By Sandeep Chaudhary
NRB Yearly Survey 2025: Key Insights on Assets, Liabilities, and Monetary Stability

Nepal Rastra Bank’s (NRB) Central Bank Survey for August 2025 paints a comprehensive picture of the country’s monetary health, showing notable improvements in foreign reserves, asset growth, and fiscal coordination. According to the report, NRB’s total assets surged to Rs. 2.76 trillion, marking a strong 31.9% annual growth, driven primarily by rising foreign exchange holdings and gold investments. The bank’s foreign assets climbed to Rs. 2.65 trillion, up by a remarkable 33.3% compared to the previous year, signaling Nepal’s strengthened external position and effective foreign exchange management.

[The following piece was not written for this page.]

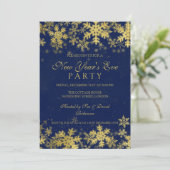 新年会パーティー ゴールド＆ネイビーブルー  雪の結晶 招待状 (スタンド正面)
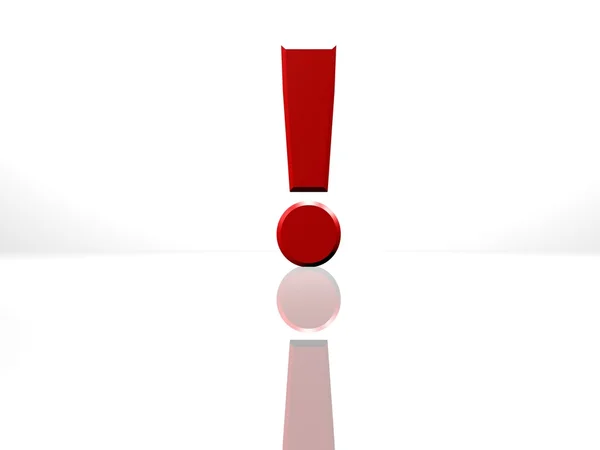 Pojedynczy czerwony wykrzyknik znak, odpowiedź lub zamówienia koncepcja — Zdjęcie stockowe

On the liabilities side, NRB’s reserve money expanded by 13.9%, reaching Rs. 1.09 trillion, mainly due to higher currency circulation and increased deposits by commercial and development banks. Government deposits at NRB also grew by Rs. 34.1 billion (17.7%), reflecting improved fiscal discipline and budgetary balance. Meanwhile, the Deposit Auction Facility doubled to Rs. 656 billion, underscoring the central bank’s active role in absorbing liquidity from the financial system to maintain monetary stability.
The data also reveal a sharp rise in capital and reserves, which grew by 6.8% to Rs. 41.9 billion, demonstrating the central bank’s improving financial resilience. However, claims on the government dropped sharply by 40.9%, as NRB reduced its exposure to short-term Treasury Bills and long-term Development Bonds. This shift indicates a cautious monetary stance, prioritizing liquidity management over fiscal lending.
Economists view this year’s survey as a clear reflection of NRB’s balancing act between maintaining external stabilityand ensuring domestic liquidity. The combination of record-high reserves and prudent monetary operations has reinforced Nepal’s economic confidence, even as credit growth and fiscal risks remain under watch.